◆ Task objective ◆
Even if the data beneath seems repetitive, write it all out again exactly.
*** Begin section ***
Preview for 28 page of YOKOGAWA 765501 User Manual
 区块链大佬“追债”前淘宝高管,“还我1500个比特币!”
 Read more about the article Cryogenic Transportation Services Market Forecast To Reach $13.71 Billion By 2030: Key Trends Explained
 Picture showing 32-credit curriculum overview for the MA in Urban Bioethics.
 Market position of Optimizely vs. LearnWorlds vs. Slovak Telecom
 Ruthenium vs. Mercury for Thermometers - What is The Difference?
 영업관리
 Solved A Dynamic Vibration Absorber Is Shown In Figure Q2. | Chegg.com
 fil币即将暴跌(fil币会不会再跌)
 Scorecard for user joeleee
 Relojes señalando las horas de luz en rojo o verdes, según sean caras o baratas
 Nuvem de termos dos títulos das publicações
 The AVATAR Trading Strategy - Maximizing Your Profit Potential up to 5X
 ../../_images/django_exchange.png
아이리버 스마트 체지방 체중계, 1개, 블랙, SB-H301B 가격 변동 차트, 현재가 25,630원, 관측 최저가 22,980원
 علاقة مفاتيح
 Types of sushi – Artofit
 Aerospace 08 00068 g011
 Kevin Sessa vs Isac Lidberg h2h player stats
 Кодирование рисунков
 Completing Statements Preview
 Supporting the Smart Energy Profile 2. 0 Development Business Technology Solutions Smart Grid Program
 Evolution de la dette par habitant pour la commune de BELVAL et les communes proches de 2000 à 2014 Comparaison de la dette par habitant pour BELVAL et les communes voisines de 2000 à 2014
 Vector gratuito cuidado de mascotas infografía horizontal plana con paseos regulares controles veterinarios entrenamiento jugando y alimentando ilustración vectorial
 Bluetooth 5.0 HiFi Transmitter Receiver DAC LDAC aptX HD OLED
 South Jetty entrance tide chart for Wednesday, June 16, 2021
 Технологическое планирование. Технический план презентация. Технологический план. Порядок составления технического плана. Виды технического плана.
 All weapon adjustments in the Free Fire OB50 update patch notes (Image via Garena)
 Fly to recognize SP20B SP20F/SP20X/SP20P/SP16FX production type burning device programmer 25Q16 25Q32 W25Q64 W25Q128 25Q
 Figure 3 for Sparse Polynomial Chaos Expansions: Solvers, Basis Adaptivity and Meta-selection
*** End section ***
◆ Response ◆
Preview for 28 page of YOKOGAWA 765501 User Manual
 区块链大佬“追债”前淘宝高管,“还我1500个比特币!”
 Read more about the article Cryogenic Transportation Services Market Forecast To Reach $13.71 Billion By 2030: Key Trends Explained
 Picture showing 32-credit curriculum overview for the MA in Urban Bioethics.
 Market position of Optimizely vs. LearnWorlds vs. Slovak Telecom
 Ruthenium vs. Mercury for Thermometers - What is The Difference?
 영업관리
 Solved A Dynamic Vibration Absorber Is Shown In Figure Q2. | Chegg.com
 fil币即将暴跌(fil币会不会再跌)
 Scorecard for user joeleee
 Relojes señalando las horas de luz en rojo o verdes, según sean caras o baratas
 Nuvem de termos dos títulos das publicações
 The AVATAR Trading Strategy - Maximizing Your Profit Potential up to 5X
 ../../_images/django_exchange.png
아이리버 스마트 체지방 체중계, 1개, 블랙, SB-H301B 가격 변동 차트, 현재가 25,630원, 관측 최저가 22,980원
 علاقة مفاتيح
 Types of sushi – Artofit
 Aerospace 08 00068 g011
 Kevin Sessa vs Isac Lidberg h2h player stats
 Кодирование рисунков
 Completing Statements Preview
 Supporting the Smart Energy Profile 2. 0 Development Business Technology Solutions Smart Grid Program
 Evolution de la dette par habitant pour la commune de BELVAL et les communes proches de 2000 à 2014 Comparaison de la dette par habitant pour BELVAL et les communes voisines de 2000 à 2014
 Vector gratuito cuidado de mascotas infografía horizontal plana con paseos regulares controles veterinarios entrenamiento jugando y alimentando ilustración vectorial
 Bluetooth 5.0 HiFi Transmitter Receiver DAC LDAC aptX HD OLED
 South Jetty entrance tide chart for Wednesday, June 16, 2021
 Технологическое планирование. Технический план презентация. Технологический план. Порядок составления технического плана. Виды технического плана.
 All weapon adjustments in the Free Fire OB50 update patch notes (Image via Garena)
 Fly to recognize SP20B SP20F/SP20X/SP20P/SP16FX production type burning device programmer 25Q16 25Q32 W25Q64 W25Q128 25Q
 Figure 3 for Sparse Polynomial Chaos Expansions: Solvers, Basis Adaptivity and Meta-selection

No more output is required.